For the 2012 election, Florida inexplicably reduced the number of early voting days, despite early voting's previous success in both increasing turnout and reducing waits on Election Day. The state also directed SOEs to perform questionable scrubs of their voter rolls, which I wrote about at length in a previous column. The commonality in both measures were that, statistically speaking, they would both be likely to disproportionately impact demographics (immigrants, minorities, college students and the poor) which typically do not vote for the majority party.

 

Were this an isolated incident, one might suppose coincidence. However, the state's epic bungling of the 2000 Presidential Election was also brought about by a purge process that was known to be deeply flawed and again seemed to target a specific party's voters.
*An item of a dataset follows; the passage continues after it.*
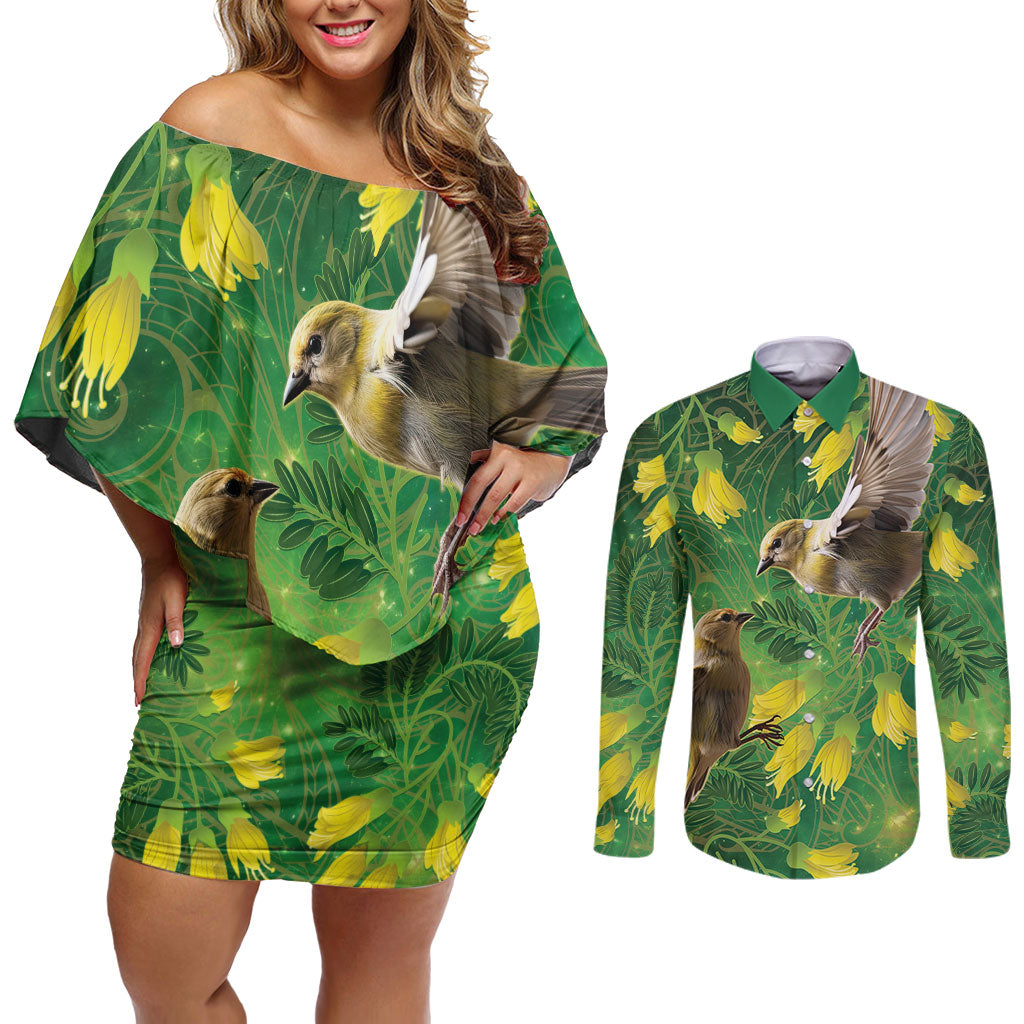 Bellbird New Zealand Personalised Couples Matching Off Shoulder Short Dress and Long Sleeve Button Shirt Kowhai Flower Maori Pattern LT22 Green - Polynesian Pride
In both 2004 and 2008, the state also engaged in similarly-flawed purges, while failing to correct many of the mistakes made previously. I also covered those debacles at length in another previous column

 

Last week, Secretary of State Ken Detzner sent out a directive to Florida's 67 SOEs to no longer accept absentee ballots at satellite locations. This may seem like a small issue until you look at how many voters vote absentee and then how many of those voters utilize the drop-off locations, particularly in Hillsborough and Pinellas County where a special election will be contested early next year to replace Republican Congressman CW Bill Young. According to the Tampa Bay Times, more than 105,000 Pinellas County absentee voters returned ballots to drop-off locations in 2012 – 42 percent of the total absentee vote.

 

Numbers are comparable in Hillsborough County, which had 15 drop-off sites in 2012. Now, if you were unfamiliar with Florida's long history of Election Day shenanigans, you might suspect that the directive has been put in place to combat fraud, since it obviously will not encourage higher voter turnout – the two primary concerns of election officials. Of course if you were familiar with our state's disgraceful election history, you would know that even when it acts on the pretense of combating fraud, no actual fraud is typically found.

 

In fact, when legislators recently had a chance to impact one area where actual fraud had been a problem – registering absentee voters – they sat on their hands. You can probably guess that those incidents, in which shadowy political figures akin to the ward healers of the early 20th century would register and deliver non-voters to buy and turn in their ballots, tended to benefit the majority party. 

 

This time, Detzner simply said that he was responding to questions from two SOEs and seeking uniformity among counties. The SOEs quickly complained that they were being misinterpreted or taken out of context, but the directive stuck nonetheless. Add in the fact that Detzner was appointed by Governor Scott and that Scott's 2010 opponent Alex Sink is a strong candidate to deliver Young's seat to the minority party, and it begins to smell like just another home-cooked farce.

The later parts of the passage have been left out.